RECORDS SHOWN:
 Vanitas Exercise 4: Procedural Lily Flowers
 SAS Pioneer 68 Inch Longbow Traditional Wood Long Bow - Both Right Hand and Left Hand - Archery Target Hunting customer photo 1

--

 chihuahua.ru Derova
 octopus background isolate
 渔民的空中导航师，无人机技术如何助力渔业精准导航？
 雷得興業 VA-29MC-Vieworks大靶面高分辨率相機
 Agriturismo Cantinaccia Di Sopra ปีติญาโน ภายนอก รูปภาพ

TASK ITEM: Starting at the line above that holds "Vanitas Exercise 4: Procedural Lily Flowers" and ending at the line that holds "SAS Pioneer 68", transcribe each line exactly and include no other lines.

WRITTEN ANSWER:
 Vanitas Exercise 4: Procedural Lily Flowers
 SAS Pioneer 68 Inch Longbow Traditional Wood Long Bow - Both Right Hand and Left Hand - Archery Target Hunting customer photo 1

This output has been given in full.